Having recently finished our first iteration of our DueDates project, Daniel Tian and I set up a frozen copy of the project code and a new wiki page requesting reviews of our project. As classmates in our software engineering class were doing similar, a "review trading" system was implemented. Each person was given three other projects to review and each project would be reviewed by six or seven people in hopes of eliciting a broad spectrum of opinions and corrections.

Getting the most out of a review

In order that the different segments of the code and documentation were adequately reviewed, given that the busy schedules of the reviewers allowed for only a limited amount of time reviewing the project, we broke up the project into several pieces and assigned 2 or 3 of our reviewers to each piece. We knew our reviewers ahead of time, but on reflection, in a more widely known project a request for review would probably not know all of its reviewers identities. In that case I would break up the reviews perhaps by first letter of login name. A-H for one section, I-Q another, and R-Z for the last. This of course is not without weaknesses. What if no one is in the A-H range? What if the people in that range are assigned to review GUI code when they are much better versed with databases or documentation? That issue could be good or bad. These are all issues that should be kept in mind when requesting a review. In any case we broke up the project so that each person should at least attempt to run the project, but then concentrate their review on various pieces that were closely related. The assignments can be seen here.

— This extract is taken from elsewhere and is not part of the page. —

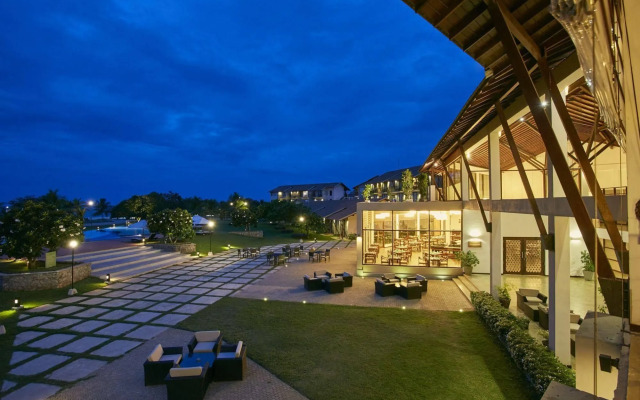 The Calm Resort & Spa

Though we knew many of our errors before hand, and the review was merely a formality in some ways, our reviewers found several good improvements to be made. Erin Kim made several comments that suggest better ways to identify the correct tables when searching the UH Manoa Library. Creighton Okada and Robin Raqueno added how the use of arguments could be made more general in error reporting, and that some errors were slightly misleading. Daniel Arakaki left a good number of error reports regarding problems and shortcomings of the Javadocs. Anthony Du suggested that the CommandLineParser class possibly be refactored to only deal with the parameter parsing, and not so much the actions associated with the parameters. This is suggestion we definitely have been putting some thought into as well. None of them noted that our project had no unit testing at all. I did not see any comments from Scheller Sanchez however I'm not sure the issue in this case. (edit: I mistakenly said Tyler Wolff did not comment, but forgot that he had emailed me directly.) It could very well be I did not set up the review correctly through Google Projects, as I was a bit confused myself on several parts of the review process, as I'll mention shortly.

My reviews of others

I was charged with reviewing duedates projects silver, gold, and yellow. As is often the case with looking at someone else's code, I waffled between "thoroughly impressed" and "wtf is going on here." Though I had specific assignments to concentrate on, I found that I quickly wanted to review a lot of areas. As each one went along, I applied what I'd found in previous projects to the current one, having already seen common small errors it was quick to find and comment when I saw them again. I found myself often making comments that basically amounted to "you might consider doing it this way as that's how I did it in my project". I made many comments regarding code that I did not feel was as general and easily extended as I felt it should be to account for the growth of the project.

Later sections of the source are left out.